In a divorce, there are a million concerns that are swirling around in your head as you embark on this daunting and overwhelming process. One of the ways to ease your concerns is to be educated about the divorce process, and this requires you to ask the right questions before you begin this journey.
In a prior blog post, I discussed the benefits of consulting with an attorney to get you the answers you need for your divorce. So what kinds of questions should you present to an attorney before you get started?
1. What Costs Can I Anticipate? A divorce is a costly process. Even if you are a multi-millionaire with endless resources of cash, the costs associated with divorce should still be a concern. Your goal is to save your money and use it for you and your family going forward, and not necessarily on legal fees and unnecessary litigation. Every family law attorney and law firm will have its own attorney's fees and costs structure, so before you embark on a divorce, it is important to ask how that fee structure works so that you are aware of where your money is going and you can plan to put aside necessary funds for the divorce process. As a family law attorney, it is not always easy to provide a potential client with a hard number on what the attorney's fees and costs will look like, however, it is always a priority to be upfront with potential clients about billing, how monies are expended and what is expected from clients when the initial retainer fee is diminished.

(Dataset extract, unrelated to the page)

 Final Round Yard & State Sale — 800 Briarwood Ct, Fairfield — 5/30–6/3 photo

2. What Exposure Do I Have Related to Spousal and Child Support? One of the main issues you will want to discuss in an initial consultation is your exposure to both child and spousal support. Whether you are the pay-er or payee spouse, you will want the attorney to explain how child and spousal support is determined in your state, and if possible, to give you a general idea of what your exposure is based on the information you provide to the attorney. If child and spousal support is a concern for you in your divorce, it will be important to bring as much financial documentation with you to your initial consultation so the attorney can review your family's overall financial picture. Financial documents that will be helpful include tax returns, pay stubs or W-2 forms, bank account and retirement account statements and credit card statements.
3. How Is Child Custody and Visitation Determined? If you are concerned about child sharing, ask the attorney what the court will consider when making a determination related to child custody and visitation in your state. Will you be required to meet with a mediator before a court makes a custody determination? In many California courts, if you and your spouse cannot agree to a child sharing plan between the two of you, the court will set a date for you and your spouse to meet with a court appointed mediator who will then make a recommendation to the court as to a child sharing plan.

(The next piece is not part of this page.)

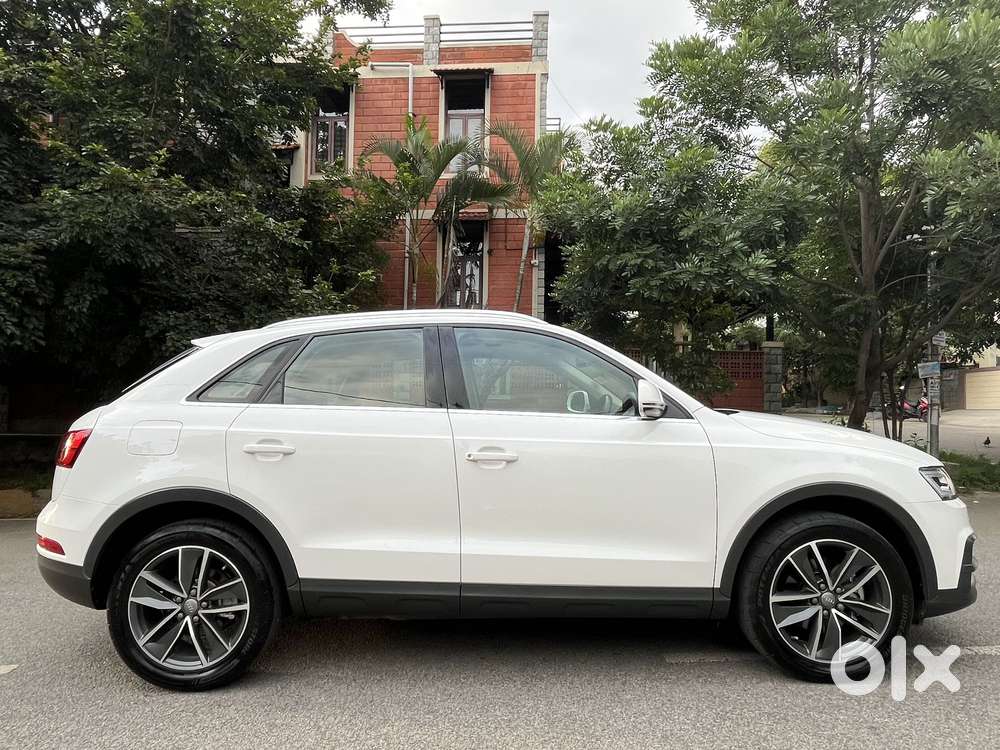 Audi Q3 2.0 35 TDI Quattro Premium Plus, 2019, Diesel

4. What Information Is Needed From Me? When you are consulting with an attorney, you should be provided with helpful resources on how to get started, in addition to a list of information that you will need to gather to prepare for the process ahead. In California for example, once you file for divorce, you are required to exchange Preliminary Declaration of Disclosures with your spouse, which outlines your overall financial picture, in addition to your estimated monthly living expenses and costs. As a result, you are required to exchange financial documentation that includes bank statements, credit card statements, retirement account information and tax returns. This documentation will be helpful when determining child and spousal support, or if you and your spouse are in disagreement over the division of assets and debts and tracing of separate property is an issue. If you are involved in a heated custody battle, your attorney may ask you to journal the daily timeshare of the children between you and your spouse and to document any significant incidents that may be helpful to the issue of child custody and visitation.
What they say is true, "knowledge is power" and by asking the right questions, you will be educated and armed with information that is beneficial in helping you meet your goals and moving your case towards resolution.